Heaven's on fire
I was sad to read of the death of Kiss guitarist Mark St. John at age 51. To be certain, my intense Kiss fandom ended a few years before St. John's brief tenure with the band in the mid-1980s. But I was indeed a devotee at one point in my young life, and I have followed Kiss developments ever since.
My interest peaked on -- if I have done my Web research properly -- Aug. 14, 1979, when my mom took my brother and me, age 8, to see Kiss perform at Municipal Auditorium in downtown Nashville, Tenn. My previous visits to Municipal Auditorium had all been for the circus, and I recall noticing that the Kiss show was pretty circus-like itself, what with the makeup and the acrobatic stunts. At one point bassist Gene Simmons was suspended by wires seemingly hundreds of feet over the stage. There also were flames, and blood, and flashing lights, and a flying guitar. (In 1998 the band released an album called Psycho Circus.)
And -- lest I forget -- there was music.
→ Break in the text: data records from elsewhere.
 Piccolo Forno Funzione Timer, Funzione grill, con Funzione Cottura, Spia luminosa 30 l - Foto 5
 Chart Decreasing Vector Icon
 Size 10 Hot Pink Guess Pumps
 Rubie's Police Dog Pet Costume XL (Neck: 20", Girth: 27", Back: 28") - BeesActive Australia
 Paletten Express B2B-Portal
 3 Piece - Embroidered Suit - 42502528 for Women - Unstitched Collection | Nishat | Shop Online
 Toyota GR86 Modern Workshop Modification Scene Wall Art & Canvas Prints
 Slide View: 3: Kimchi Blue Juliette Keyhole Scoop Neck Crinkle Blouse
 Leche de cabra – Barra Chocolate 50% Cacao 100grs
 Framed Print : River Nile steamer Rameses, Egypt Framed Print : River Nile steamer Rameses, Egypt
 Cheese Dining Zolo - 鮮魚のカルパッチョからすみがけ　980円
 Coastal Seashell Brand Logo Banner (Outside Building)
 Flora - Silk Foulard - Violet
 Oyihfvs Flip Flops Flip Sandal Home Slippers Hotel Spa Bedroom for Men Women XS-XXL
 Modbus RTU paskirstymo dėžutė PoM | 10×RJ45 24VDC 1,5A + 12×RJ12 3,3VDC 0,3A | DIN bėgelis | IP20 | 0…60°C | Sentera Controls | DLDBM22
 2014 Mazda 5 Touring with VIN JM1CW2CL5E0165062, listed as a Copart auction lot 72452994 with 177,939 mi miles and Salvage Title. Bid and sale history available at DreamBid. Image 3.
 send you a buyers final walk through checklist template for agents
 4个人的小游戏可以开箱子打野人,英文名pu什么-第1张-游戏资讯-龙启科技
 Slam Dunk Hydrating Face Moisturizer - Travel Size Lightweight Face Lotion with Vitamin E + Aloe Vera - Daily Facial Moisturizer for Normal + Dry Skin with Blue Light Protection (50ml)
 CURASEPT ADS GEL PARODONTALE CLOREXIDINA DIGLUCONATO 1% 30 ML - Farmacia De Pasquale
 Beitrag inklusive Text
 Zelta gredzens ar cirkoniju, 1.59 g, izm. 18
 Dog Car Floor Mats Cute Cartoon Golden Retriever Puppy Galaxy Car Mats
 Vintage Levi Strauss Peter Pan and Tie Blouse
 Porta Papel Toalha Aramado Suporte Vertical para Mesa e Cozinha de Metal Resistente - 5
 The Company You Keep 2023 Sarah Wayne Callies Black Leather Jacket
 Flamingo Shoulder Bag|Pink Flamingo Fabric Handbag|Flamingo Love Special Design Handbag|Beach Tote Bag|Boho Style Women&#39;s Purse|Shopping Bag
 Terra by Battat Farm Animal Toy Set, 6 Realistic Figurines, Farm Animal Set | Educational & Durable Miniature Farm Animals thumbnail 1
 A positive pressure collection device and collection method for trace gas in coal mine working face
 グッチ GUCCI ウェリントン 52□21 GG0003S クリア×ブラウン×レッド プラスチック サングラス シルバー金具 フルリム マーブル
I was intimately familiar with the Kiss canon, including the 1979 release Dynasty that was the occasion for the tour. At that age I appreciated the band's silly heavy-metal bombast ("God of Thunder") more than its silly groupie party anthems ("Love Gun"). (I remember not understanding what lead singer Paul Stanley was implying when he told the roaring audience, "Nashville got a lot of good-lookin' girls!!!!!!") But the set pleased me.
After the concert my mom, a classically trained musician, pointed out that most of the songs were in the same key.
A couple of years later, Kiss was deeply outmoded. When I tried to dump my Kiss records at the local used vinyl store, the sneering clerk declined to buy any of them. I put them back in my collection. I still have them. I'm glad I do.